[[ Task input open ]]
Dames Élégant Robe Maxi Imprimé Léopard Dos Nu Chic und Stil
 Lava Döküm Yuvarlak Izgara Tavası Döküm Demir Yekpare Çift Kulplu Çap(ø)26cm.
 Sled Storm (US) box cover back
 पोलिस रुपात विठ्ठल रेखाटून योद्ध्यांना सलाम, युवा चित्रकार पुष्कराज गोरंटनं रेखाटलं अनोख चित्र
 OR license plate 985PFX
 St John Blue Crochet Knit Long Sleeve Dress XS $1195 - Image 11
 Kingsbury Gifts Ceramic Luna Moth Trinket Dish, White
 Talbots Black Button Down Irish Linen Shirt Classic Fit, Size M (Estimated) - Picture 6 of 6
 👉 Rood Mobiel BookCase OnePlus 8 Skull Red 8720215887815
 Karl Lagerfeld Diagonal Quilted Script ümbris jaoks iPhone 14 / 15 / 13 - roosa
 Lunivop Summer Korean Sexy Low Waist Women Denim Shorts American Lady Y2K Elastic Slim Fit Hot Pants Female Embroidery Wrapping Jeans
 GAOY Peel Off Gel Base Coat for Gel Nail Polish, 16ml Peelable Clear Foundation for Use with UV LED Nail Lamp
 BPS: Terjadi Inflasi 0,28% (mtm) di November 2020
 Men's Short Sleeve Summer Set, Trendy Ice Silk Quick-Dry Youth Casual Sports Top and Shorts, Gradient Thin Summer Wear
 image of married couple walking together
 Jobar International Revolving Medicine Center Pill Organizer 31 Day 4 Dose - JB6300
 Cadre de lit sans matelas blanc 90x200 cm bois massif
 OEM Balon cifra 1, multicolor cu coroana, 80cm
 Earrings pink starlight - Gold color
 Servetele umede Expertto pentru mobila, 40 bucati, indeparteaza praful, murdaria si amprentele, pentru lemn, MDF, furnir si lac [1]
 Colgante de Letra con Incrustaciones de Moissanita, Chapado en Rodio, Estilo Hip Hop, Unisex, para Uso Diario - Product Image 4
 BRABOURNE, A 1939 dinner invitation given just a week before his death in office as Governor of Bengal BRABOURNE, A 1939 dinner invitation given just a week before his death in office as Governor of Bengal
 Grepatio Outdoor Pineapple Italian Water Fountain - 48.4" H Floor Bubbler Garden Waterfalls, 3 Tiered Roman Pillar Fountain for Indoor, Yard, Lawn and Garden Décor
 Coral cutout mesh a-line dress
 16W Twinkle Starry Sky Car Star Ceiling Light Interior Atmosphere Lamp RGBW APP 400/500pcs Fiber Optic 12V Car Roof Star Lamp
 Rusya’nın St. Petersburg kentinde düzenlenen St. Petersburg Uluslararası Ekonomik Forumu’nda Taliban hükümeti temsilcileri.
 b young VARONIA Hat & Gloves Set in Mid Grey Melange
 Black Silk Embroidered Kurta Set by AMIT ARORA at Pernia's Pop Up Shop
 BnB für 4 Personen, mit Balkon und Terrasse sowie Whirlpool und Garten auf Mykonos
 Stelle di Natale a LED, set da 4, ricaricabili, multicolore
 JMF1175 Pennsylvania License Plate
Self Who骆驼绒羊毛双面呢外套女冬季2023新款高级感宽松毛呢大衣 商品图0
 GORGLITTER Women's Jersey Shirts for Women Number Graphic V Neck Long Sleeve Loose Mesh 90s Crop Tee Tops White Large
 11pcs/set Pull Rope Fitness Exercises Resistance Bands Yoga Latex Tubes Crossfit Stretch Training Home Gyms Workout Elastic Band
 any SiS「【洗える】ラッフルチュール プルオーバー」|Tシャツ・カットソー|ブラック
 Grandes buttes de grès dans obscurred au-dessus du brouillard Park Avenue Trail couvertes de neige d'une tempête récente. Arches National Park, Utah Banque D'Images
[[ Task input closed ]]
If a line in the material contains the word "Women", copy that line.

 Lunivop Summer Korean Sexy Low Waist Women Denim Shorts American Lady Y2K Elastic Slim Fit Hot Pants Female Embroidery Wrapping Jeans
 GORGLITTER Women's Jersey Shirts for Women Number Graphic V Neck Long Sleeve Loose Mesh 90s Crop Tee Tops White Large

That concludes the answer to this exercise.